• [PROBLEM]
Because the pictures are not wanted, reproduce the rest of the records below exactly as they stand.

┌─ EXERCISE DATA

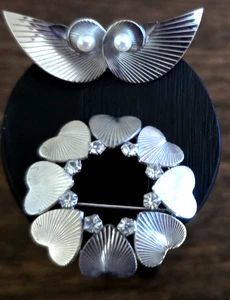 Sterling Silver Carl Art Set Rhinestone Hearts Brooch & Doves w/Pearls Pin 1950s - Picture 1 of 11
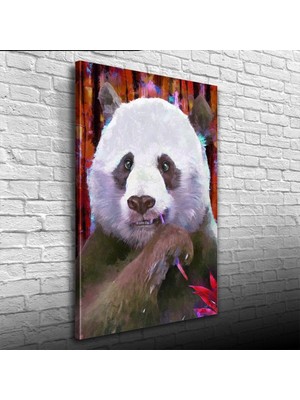 İşsevenler Suluboya Tekniğinde Panda Görseli Kanvas Tablo 50 x 70
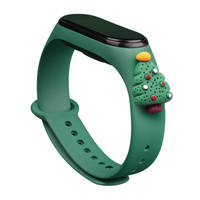 Strap Xmas replacement band strap for Xiaomi Mi Band 4 / Mi Band 3 Christmas holidays dark (green christmas tree 2)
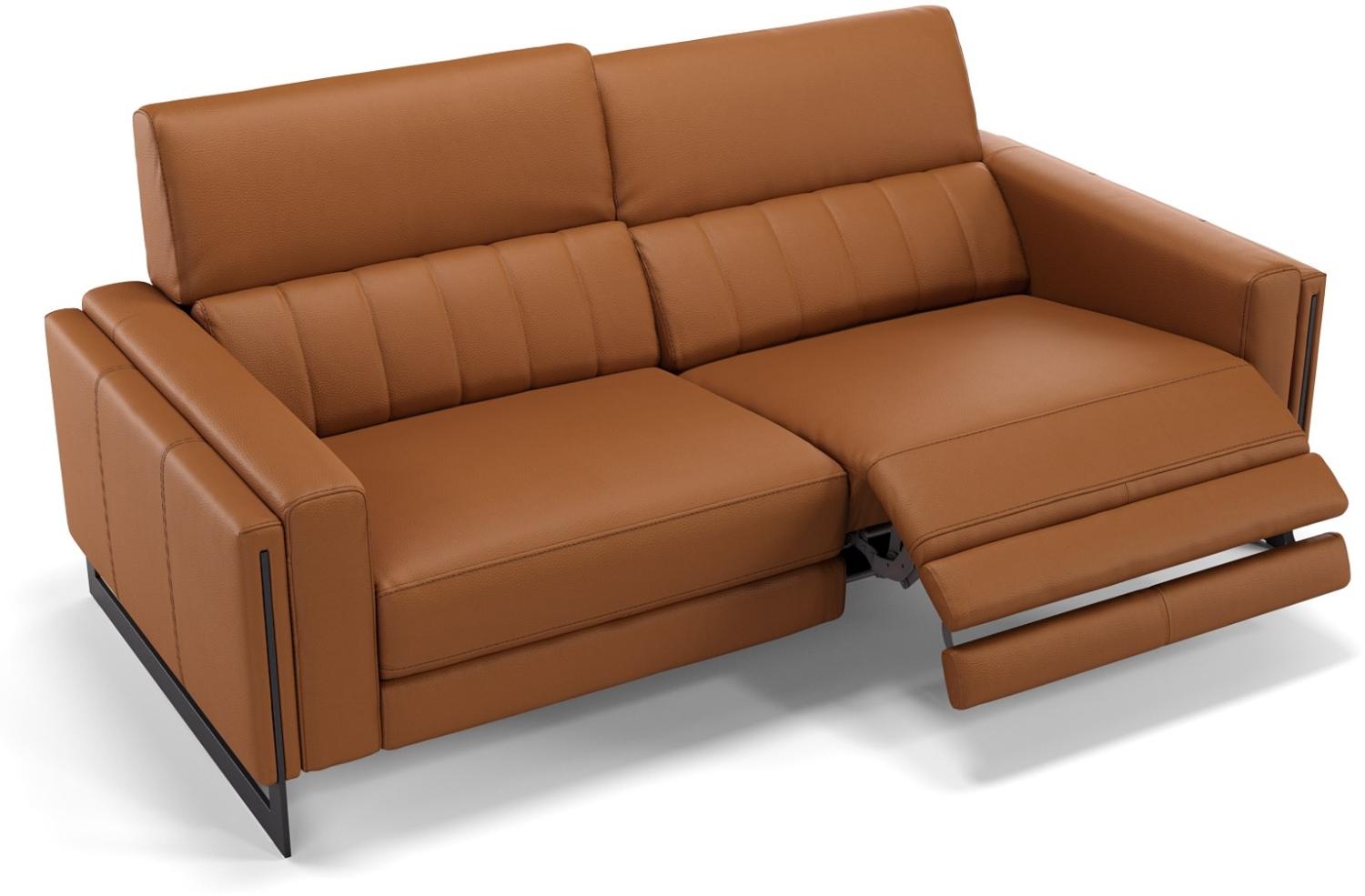 Sofanella 2-Sitzer MARA Ledercouch Relaxsofa Sofa in Cognac Bild 1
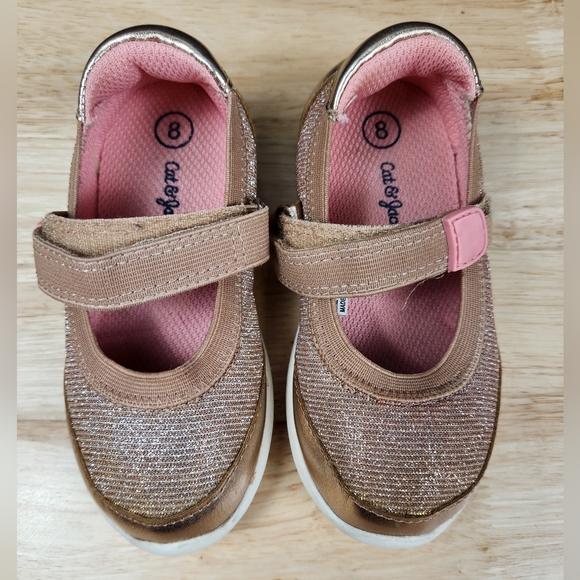 Cat & Jack Shoes Cat Jack Toddler Rose Gold Glitter Shoes Size 8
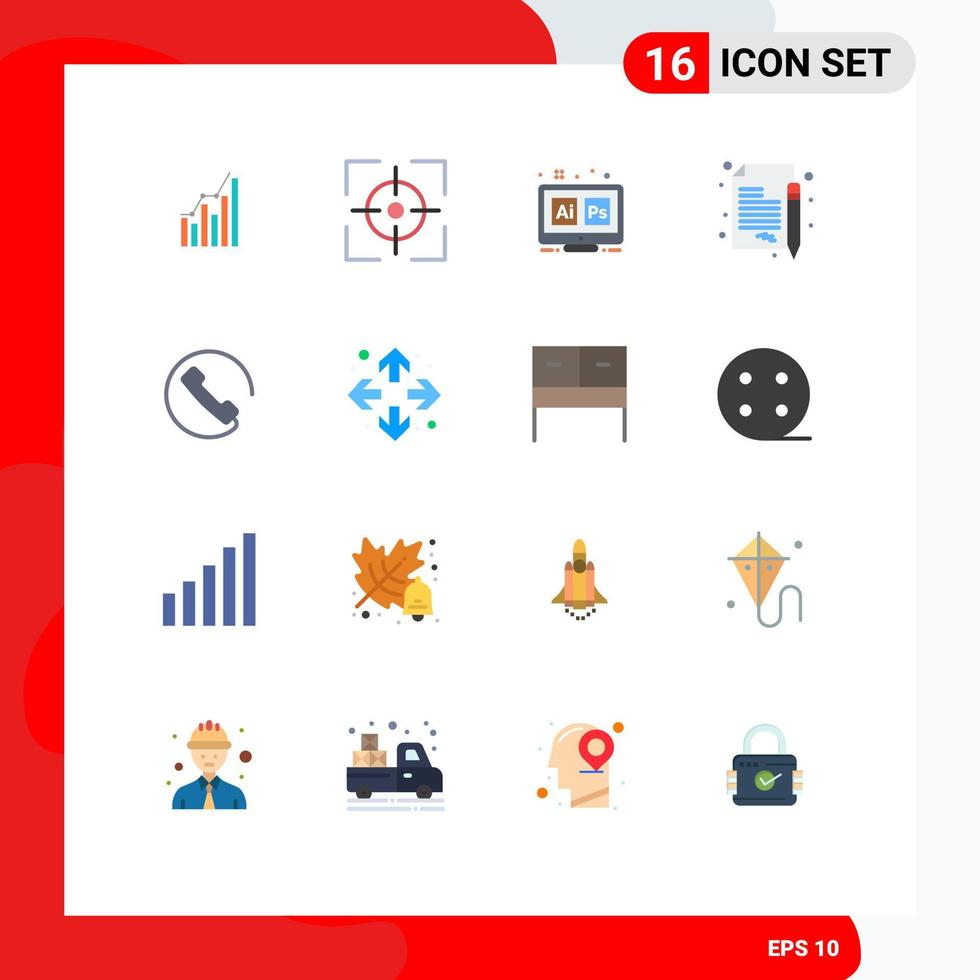 conjunto de 16 iconos de interfaz de usuario modernos signos de símbolos para la herramienta de punto de mira empresarial ai paquete editable hexadecimal de elementos de diseño de vectores creativos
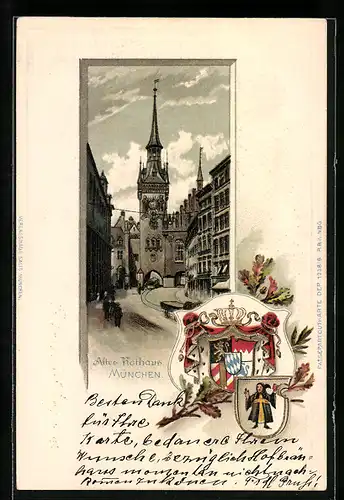 Passepartout-Lithographie München, Strassenpartie am alten Rathaus, Wappen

└─

• [EXPECTED OUTPUT]
 Sterling Silver Carl Art Set Rhinestone Hearts Brooch & Doves w/Pearls Pin 1950s - Picture 1 of 11
 İşsevenler Suluboya Tekniğinde Panda Görseli Kanvas Tablo 50 x 70
 Strap Xmas replacement band strap for Xiaomi Mi Band 4 / Mi Band 3 Christmas holidays dark (green christmas tree 2)
 Sofanella 2-Sitzer MARA Ledercouch Relaxsofa Sofa in Cognac Bild 1
 Cat & Jack Shoes Cat Jack Toddler Rose Gold Glitter Shoes Size 8
 conjunto de 16 iconos de interfaz de usuario modernos signos de símbolos para la herramienta de punto de mira empresarial ai paquete editable hexadecimal de elementos de diseño de vectores creativos
 Passepartout-Lithographie München, Strassenpartie am alten Rathaus, Wappen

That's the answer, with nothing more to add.